What you will do:
Output word for word the lines from the one with "Dola Silk Flower Jaal Premium Banarasi Saree" to the final line of the data, both ends included, but skip the pictures.
Data supplied START
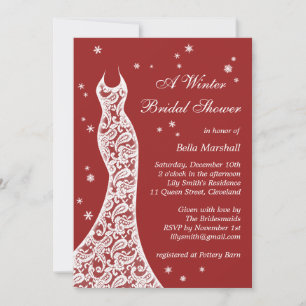 Invitation Lacy Red Winter Bridal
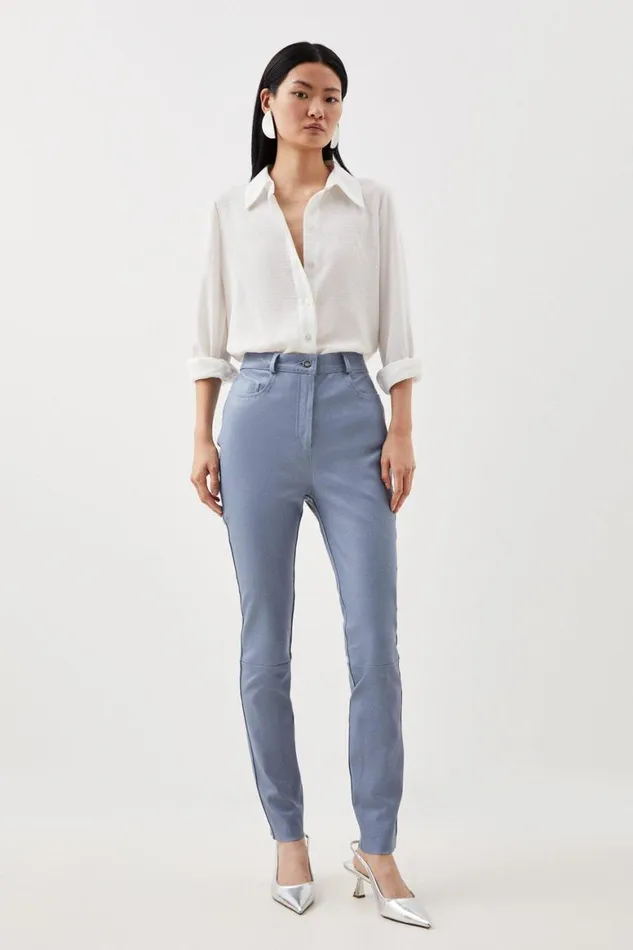 Jeans Women Karen Millen Stretch 5 Pocket Leather Jean Pale Blue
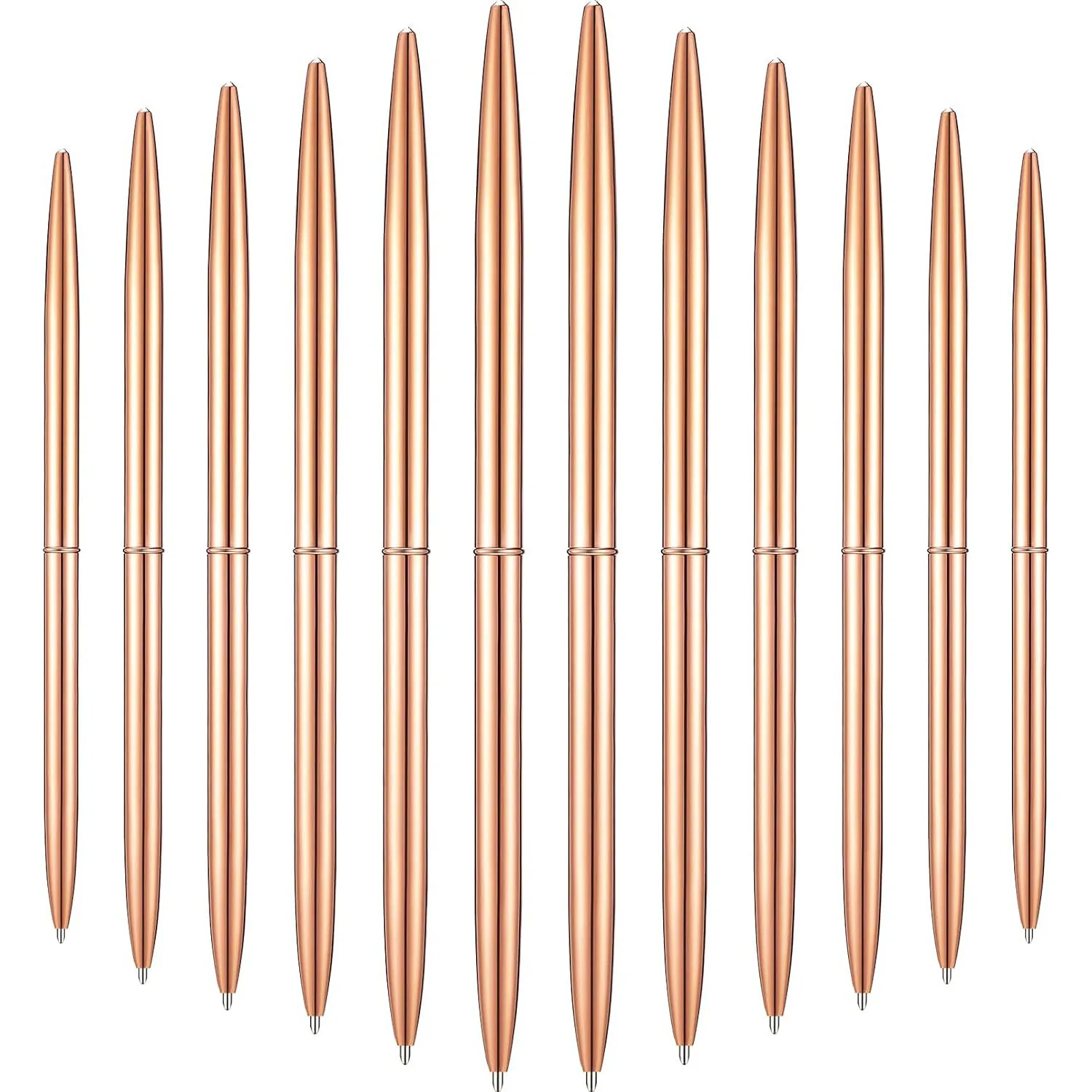 12Pcs Rose Gold Ballpoint Pens Slim Metallic Retractable Lightweight Pens Set 1mm Medium Point Pens for Wedding Guest Book Gift
12Pcs Rose Gold Ballpoint Pens Slim Metallic Retractable Lightweight Pens Set 1mm Medium Point Pens for Wedding Guest Book Gift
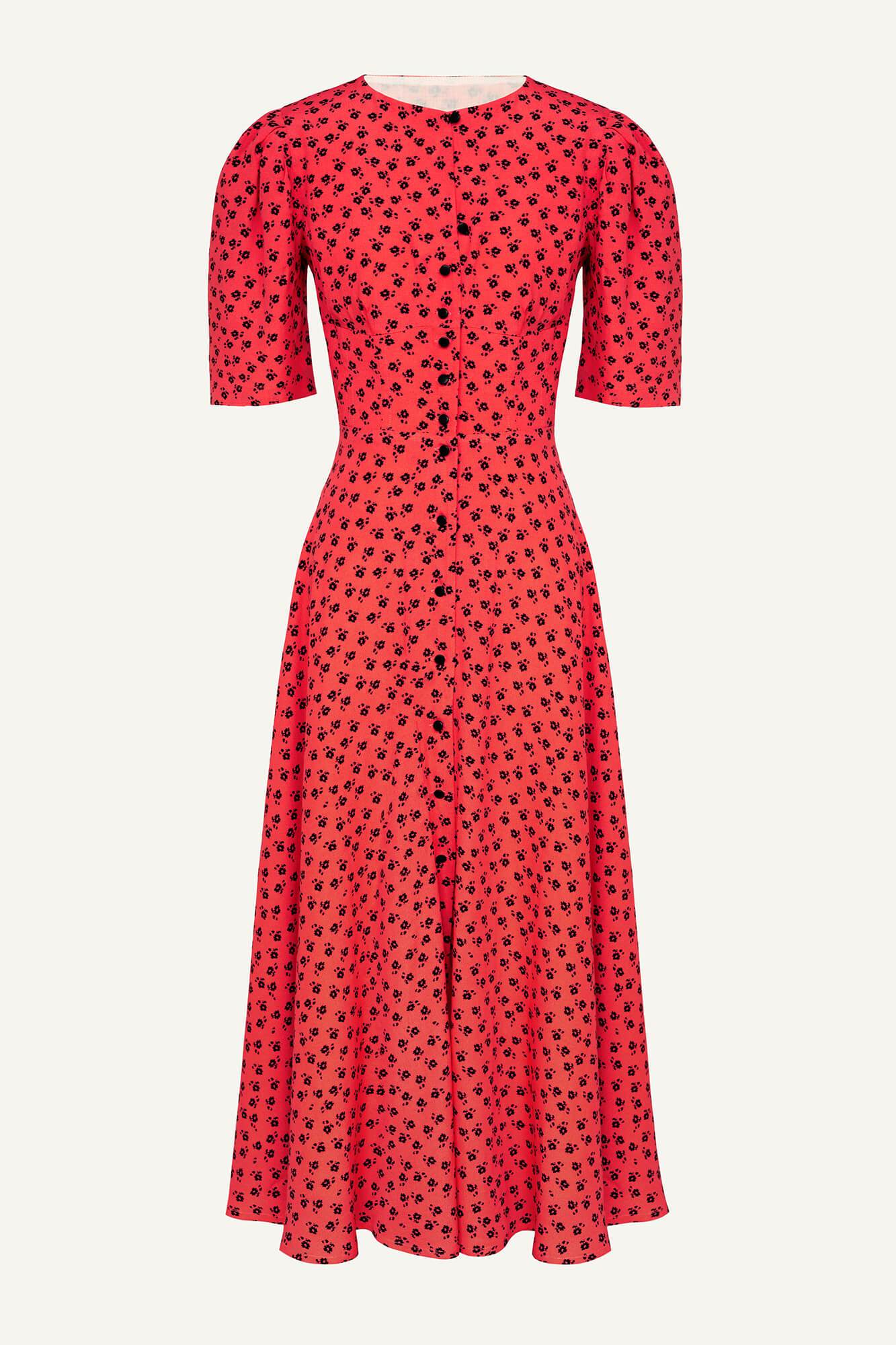 Red Collared Short Sleeve Maxi Dress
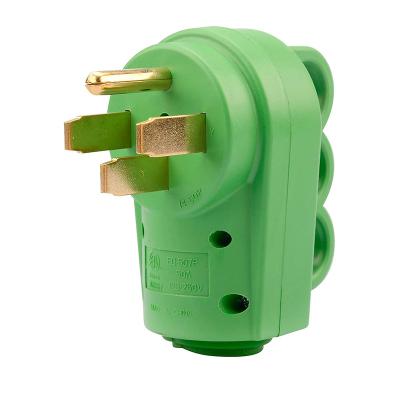 China NEMA 14-50P RV Residential/General Purpose Replacement P031 Male Receptacle, 125/250V 50 Amp With Pull Handle, Green for sale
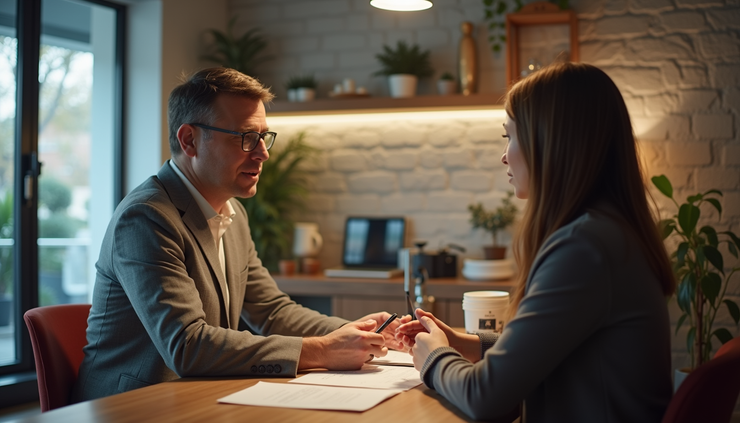 Eye-level view of a customer receiving personalized consultation in a cozy office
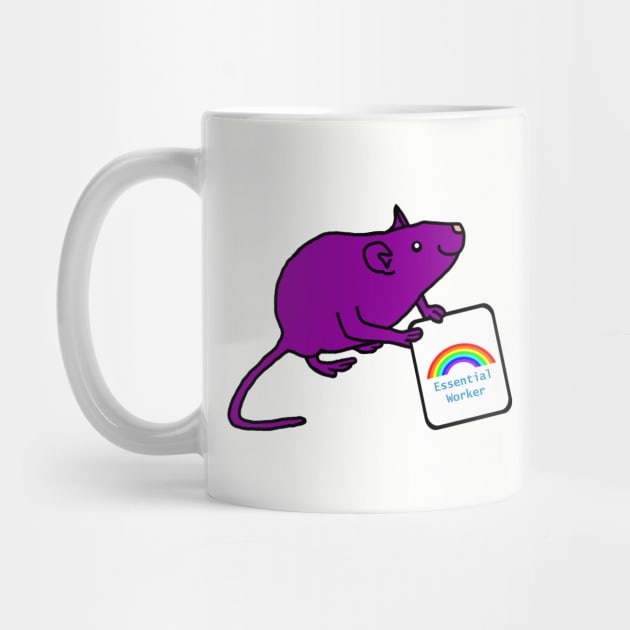 Linus and Purple Rat Essential Worker Rainbow by ellenhenryart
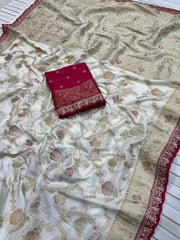 Dola Silk Flower Jaal Premium Banarasi Saree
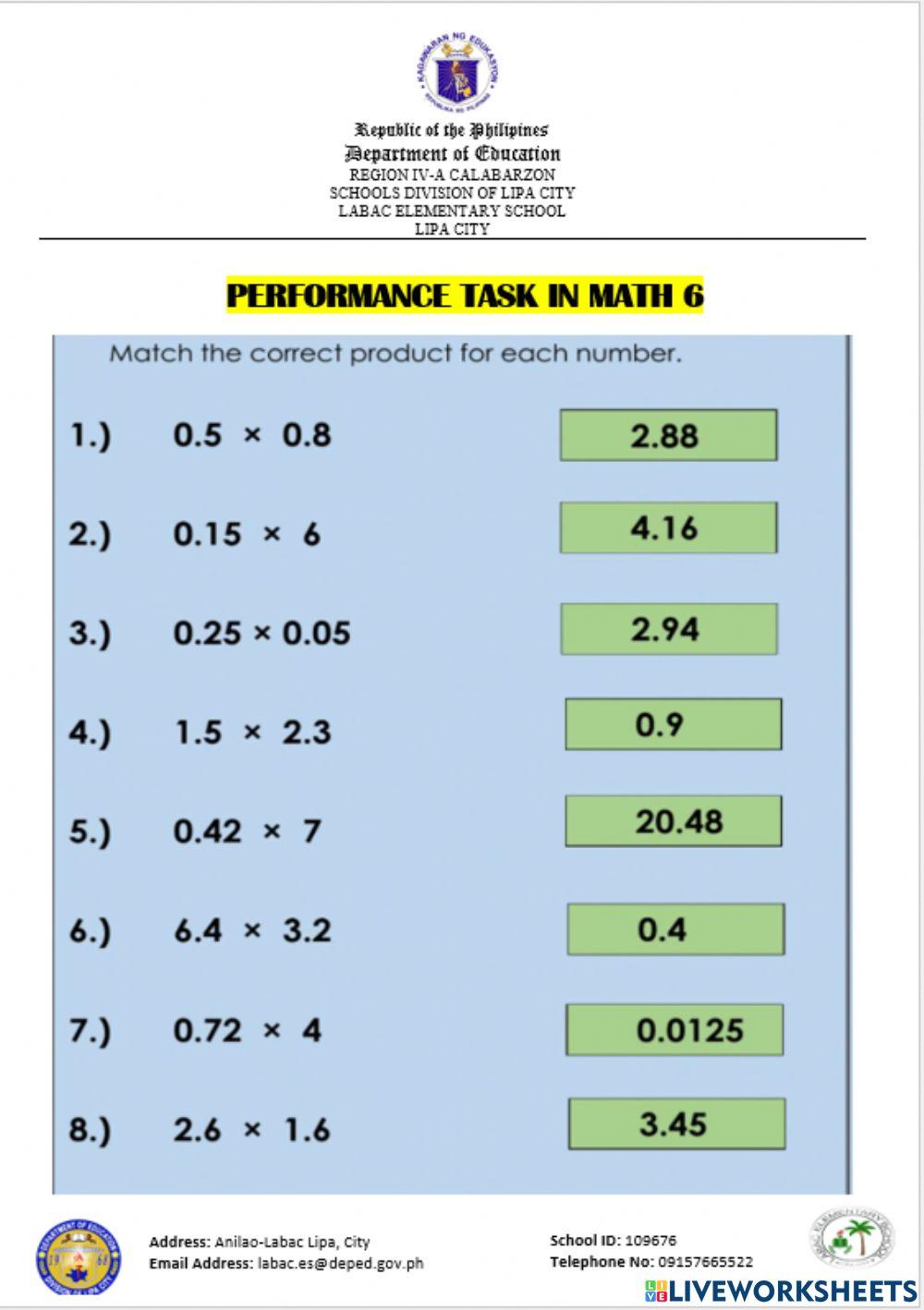Performance task in math 6 q1 week 5 6 4019098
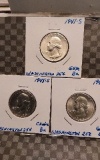 1941S, 45S, 46S, GEM BU WASHINGTON QUARTERS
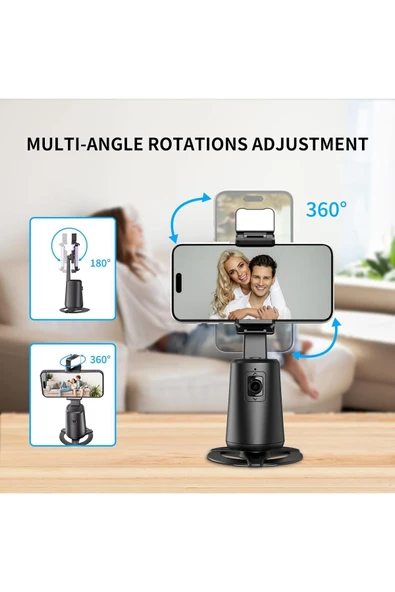 Airstorr Otomatik Yüz İzleme Tripod 360 ° Dönen Otomatik Takip Telefon Standı - 4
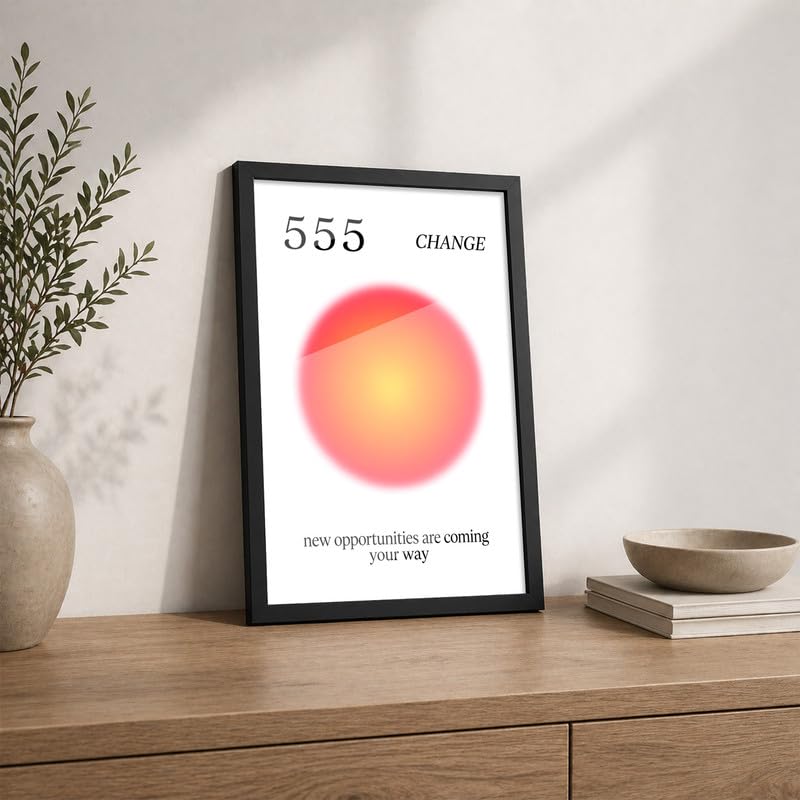 Image of 555 Change Premium Framed Wall Poster (12x18 Inch) | New Opportunities Are Coming Your Way Inspirational Wall Art | Positive Energy & Motivation Decor for Bedroom, Living Room, Office & Workspace | Ready-to-Hang Display Frame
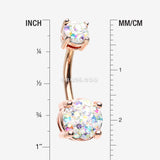 Detail View 1 of Rose Gold Multi-Gem Sprinkle Sparkle Prong Set Belly Button Ring-Aurora Borealis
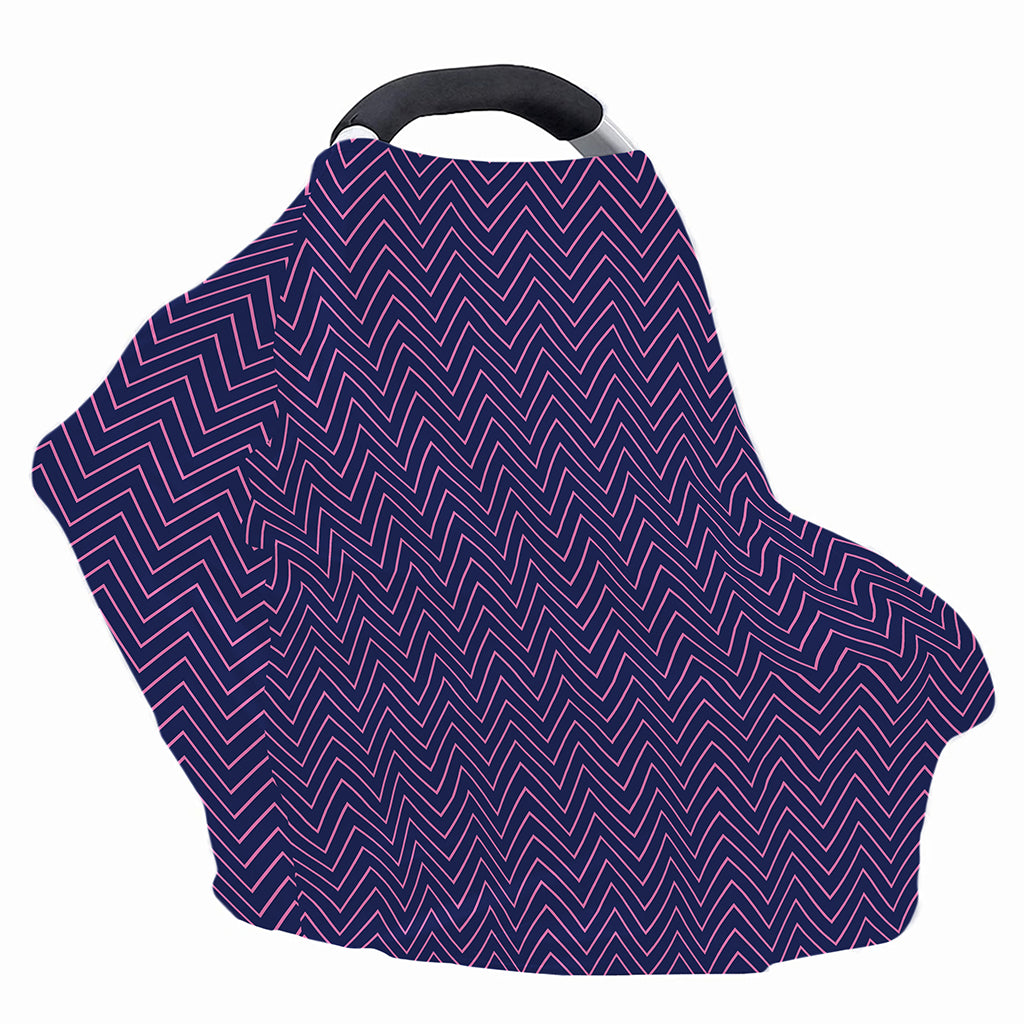 Navy And Pink Zigzag Pattern Print Baby Seat Cover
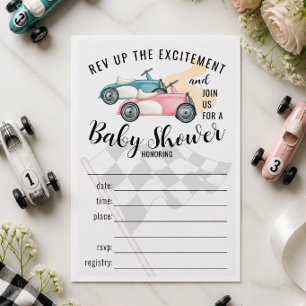 Invitación de ducha de bebé con coches de carreras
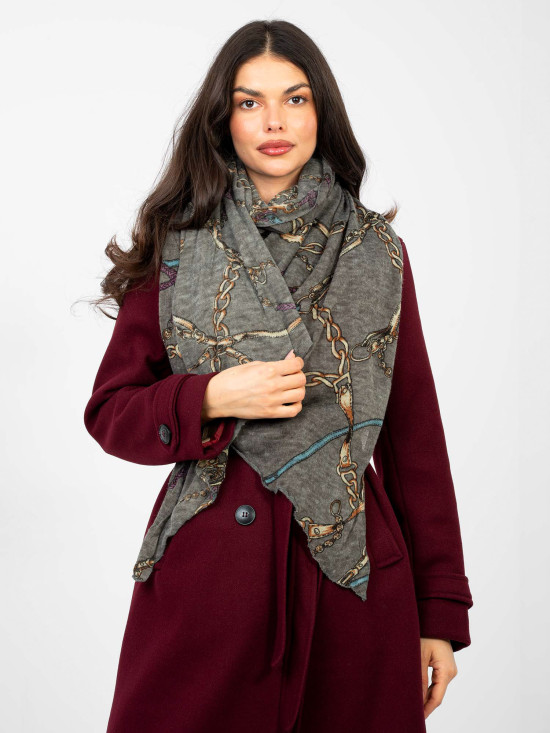 Khaki Schal mit Print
Data supplied END
Output for this exercise:
 Dola Silk Flower Jaal Premium Banarasi Saree
Performance task in math 6 q1 week 5 6 4019098
 1941S, 45S, 46S, GEM BU WASHINGTON QUARTERS
 Airstorr Otomatik Yüz İzleme Tripod 360 ° Dönen Otomatik Takip Telefon Standı - 4
 Image of 555 Change Premium Framed Wall Poster (12x18 Inch) | New Opportunities Are Coming Your Way Inspirational Wall Art | Positive Energy & Motivation Decor for Bedroom, Living Room, Office & Workspace | Ready-to-Hang Display Frame
 Detail View 1 of Rose Gold Multi-Gem Sprinkle Sparkle Prong Set Belly Button Ring-Aurora Borealis
 Navy And Pink Zigzag Pattern Print Baby Seat Cover
 Invitación de ducha de bebé con coches de carreras
 Khaki Schal mit Print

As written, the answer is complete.